The Price of Happiness: Emotion-Based Marketing

Smiles and feel-good slogans go straight to our emotions. Brands whisper: “Wanna feel like this? Just buy it.” So happiness becomes a product too. The problem is, people might end up chasing feelings with stuff they don’t actually need—just to feel a little better. 

The Rise of Authentic Marketing: Why It Matters

The Rise of Authentic Marketing: Why It Matters People are tired of faking it. Of pretending to be okay all the time. And some brands are finally seeing that. Authentic marketing shows real stuff. It doesn’t hide flaws. It talks to us like real people—not just customers with perfect smiles. When a brand says, “Yeah, life’s messy sometimes, but we get it,” that actually hits home. Because it feels human

So What Can You Do? 3 Steps to Be a Conscious Consumer

  • Don’t fall for every smile. Ads are designed to stir feelings—look beyond them. 
  • Feel what you feel. Tired, sad, overwhelmed—it’s all okay. You don’t need to smile through it. 
  • Support brands that keep it real. The ones that speak with empathy, not just marketing tricks. 
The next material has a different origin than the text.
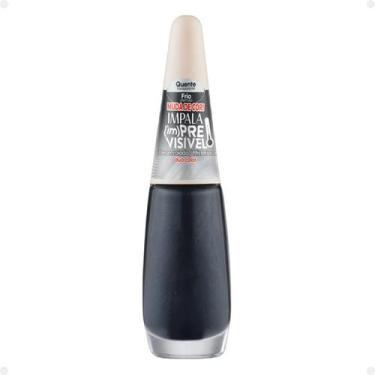 Imagem de Esmalte Cremoso Impala (Im)Previsivel Duo Color Desenrolada/Misteriosa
Final Words: Real Emotions Are Beautiful

What brands sell ain’t always just the product—it’s more like, a whole vibe. A lifestyle thing. Some version of “happy” they want us to buy into. But all those perfect smiles? Yeah, there’s def a plan behind ‘em.
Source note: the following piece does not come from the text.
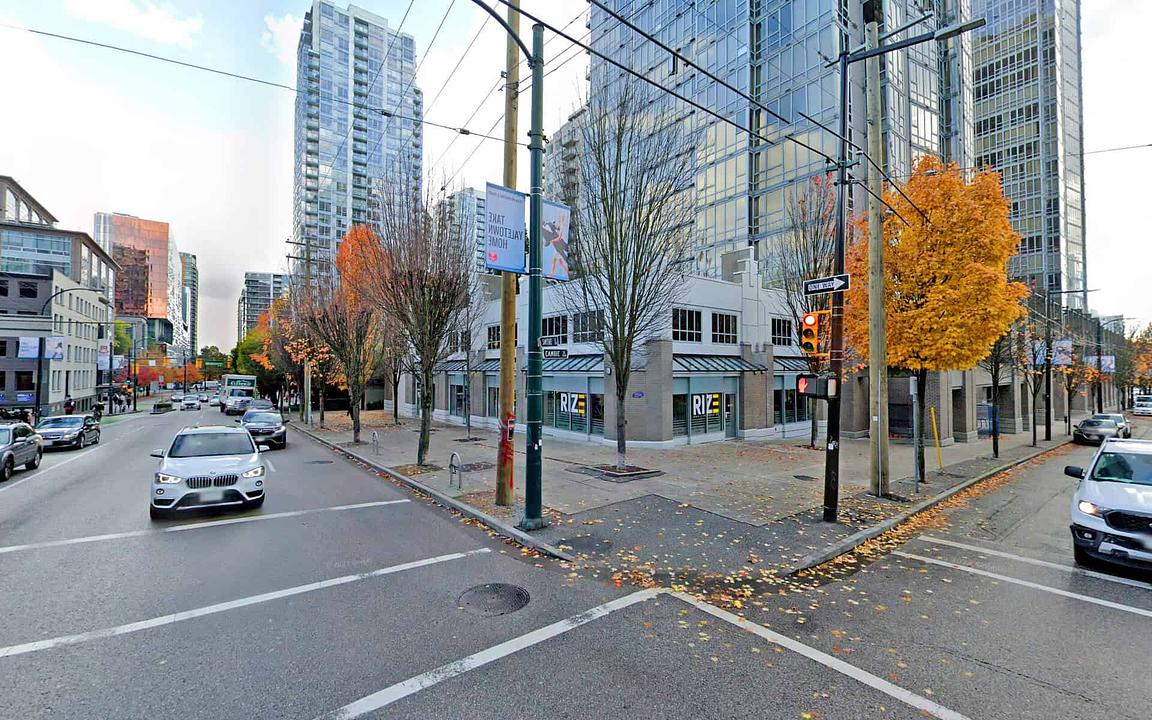 188 Smithe St, Vancouver, BC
Stuff like “Like a Girl” or “You Can’t Stop Us” kinda flips the script. They show real stuff—struggles, not just pretty scenes. Like, it’s okay to mess up, to cry, to keep pushing through.

So maybe we just stop with the filters, stop pretending we’re all good all the time—and just feel things for real. ‘Cause your story, your power, your feelings—they’re not part of some campaign. They’re you. And that’s way more real than any ad.